#### Dataset ####

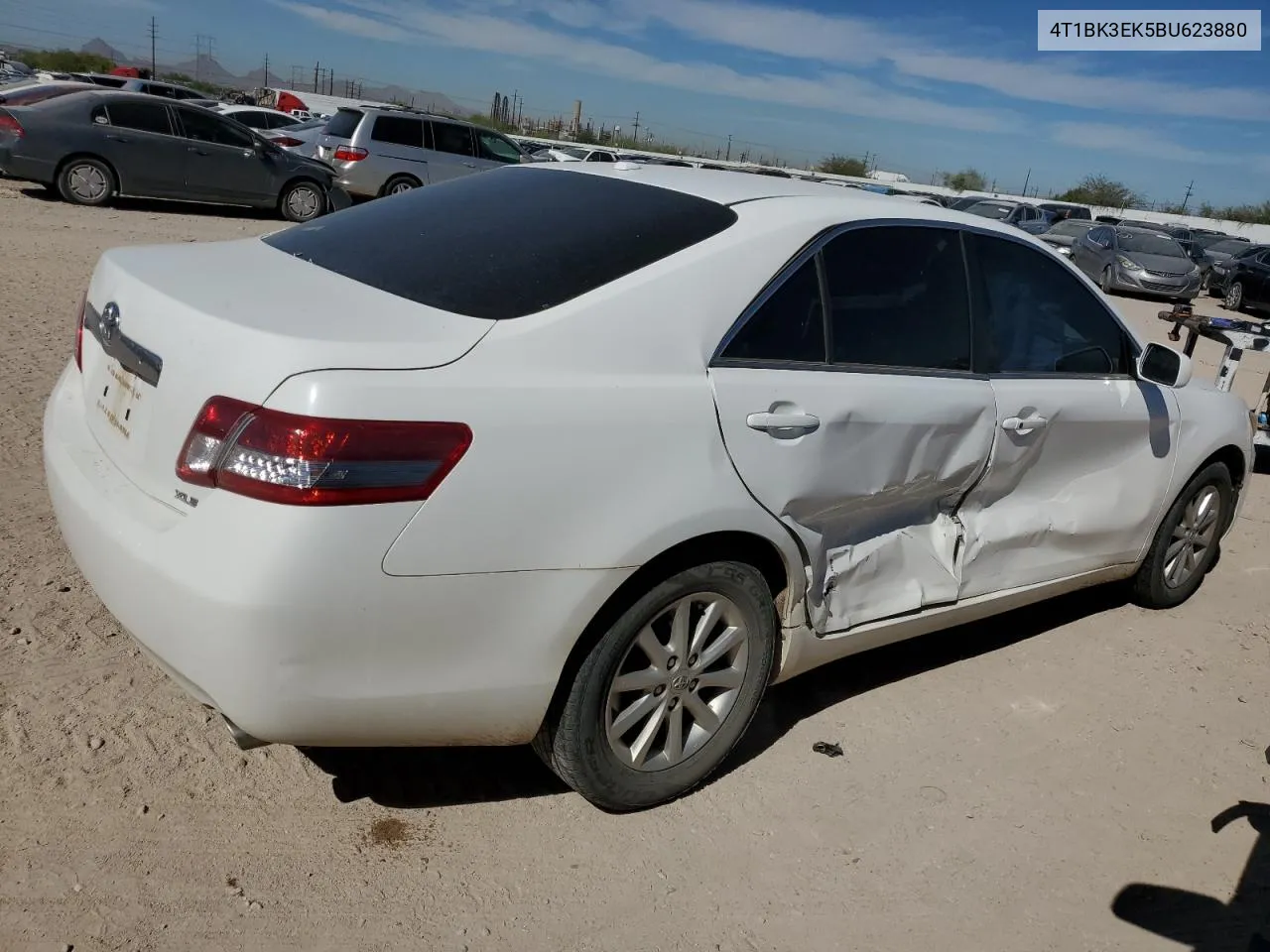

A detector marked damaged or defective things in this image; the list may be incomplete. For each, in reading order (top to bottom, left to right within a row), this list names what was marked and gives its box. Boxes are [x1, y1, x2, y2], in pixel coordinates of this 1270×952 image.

damaged white car [45, 162, 1254, 812]
dented rear door [710, 224, 995, 637]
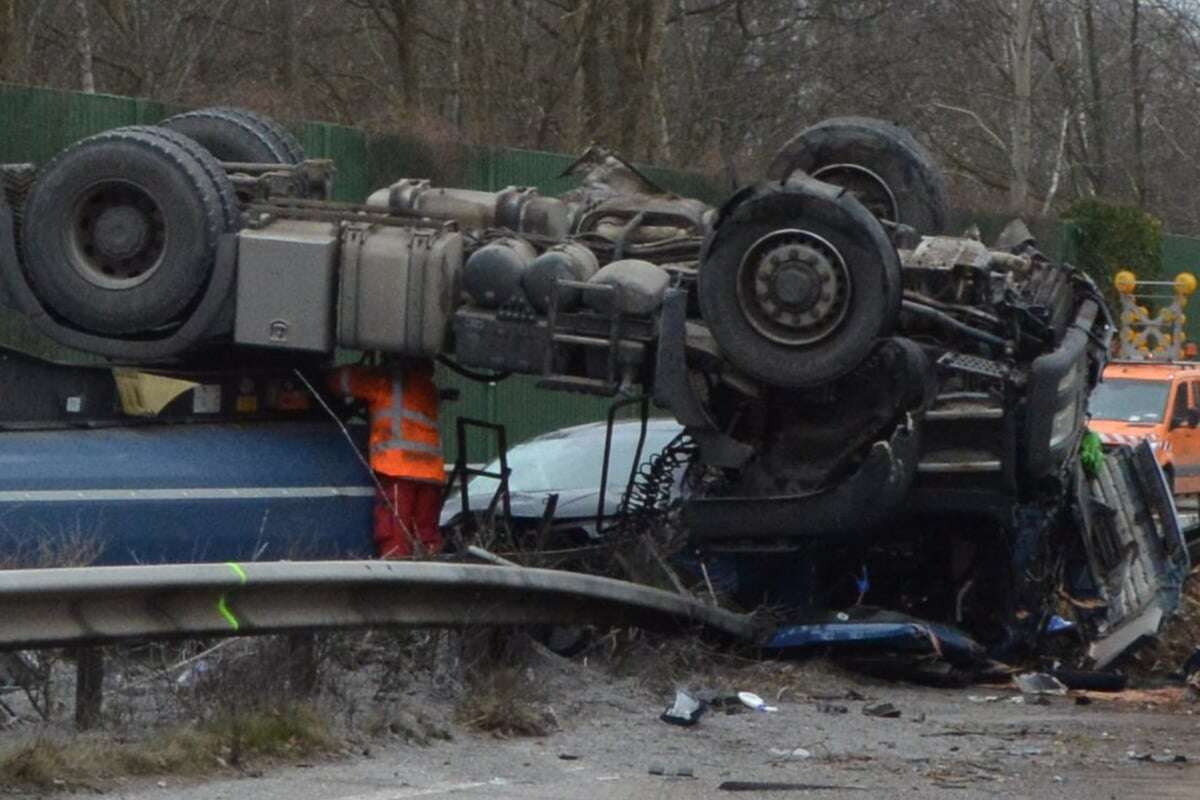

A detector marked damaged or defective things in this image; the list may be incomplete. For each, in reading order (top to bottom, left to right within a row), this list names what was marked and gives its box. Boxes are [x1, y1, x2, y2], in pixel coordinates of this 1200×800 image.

overturned truck [0, 109, 1184, 664]
crushed car [0, 109, 1184, 664]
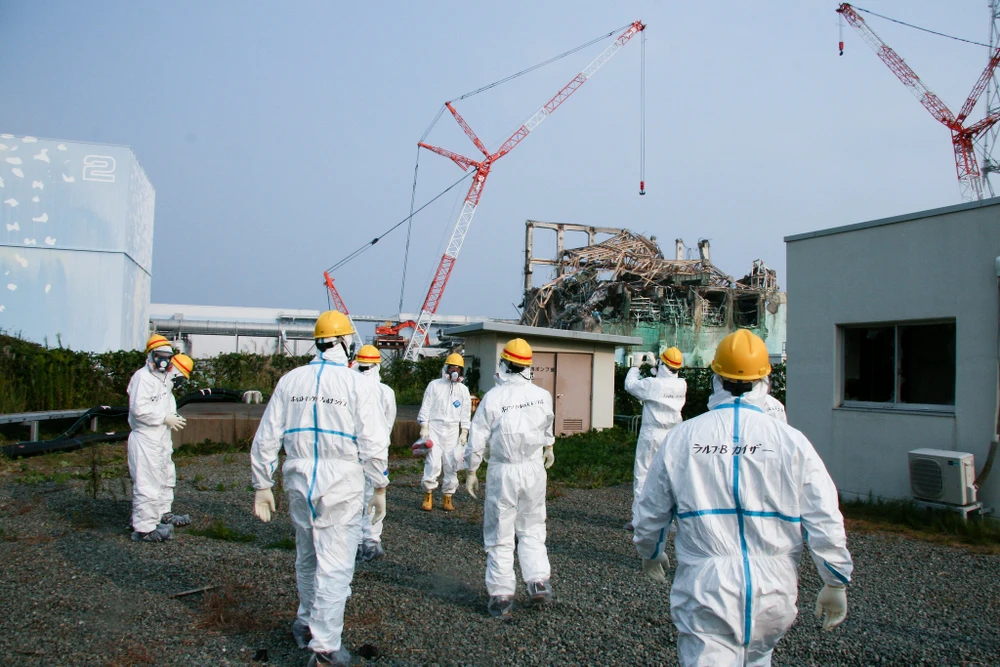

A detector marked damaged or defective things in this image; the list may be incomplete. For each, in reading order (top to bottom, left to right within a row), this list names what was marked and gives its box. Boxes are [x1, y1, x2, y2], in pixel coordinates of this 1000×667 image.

####

- Directions: Leaving the pictures out, write out all the material above exactly.

- Output below:
A detector marked damaged or defective things in this image; the list may be incomplete. For each, in reading order (top to bottom, left to right within a row), this list names what was marked and gives its box. Boxes are [x1, y1, x2, y2], in pixel coordinates of this 1270×952 image.

damaged white car [45, 162, 1254, 812]
dented rear door [710, 224, 995, 637]

A detector marked damaged or defective things in this image; the list may be incomplete. For each, in reading order (top to bottom, left to right within a row), this list names what was marked and gives its box. Boxes are [x1, y1, x2, y2], in pixel coordinates of this 1200×800 image.

overturned truck [0, 109, 1184, 664]
crushed car [0, 109, 1184, 664]

A detector marked damaged or defective things in this image; the list may be incomplete. For each, in reading order (top to bottom, left to right within a row), this list names what was marked and gives its box. Boxes are [x1, y1, x2, y2], in pixel coordinates of this 1000×667 image.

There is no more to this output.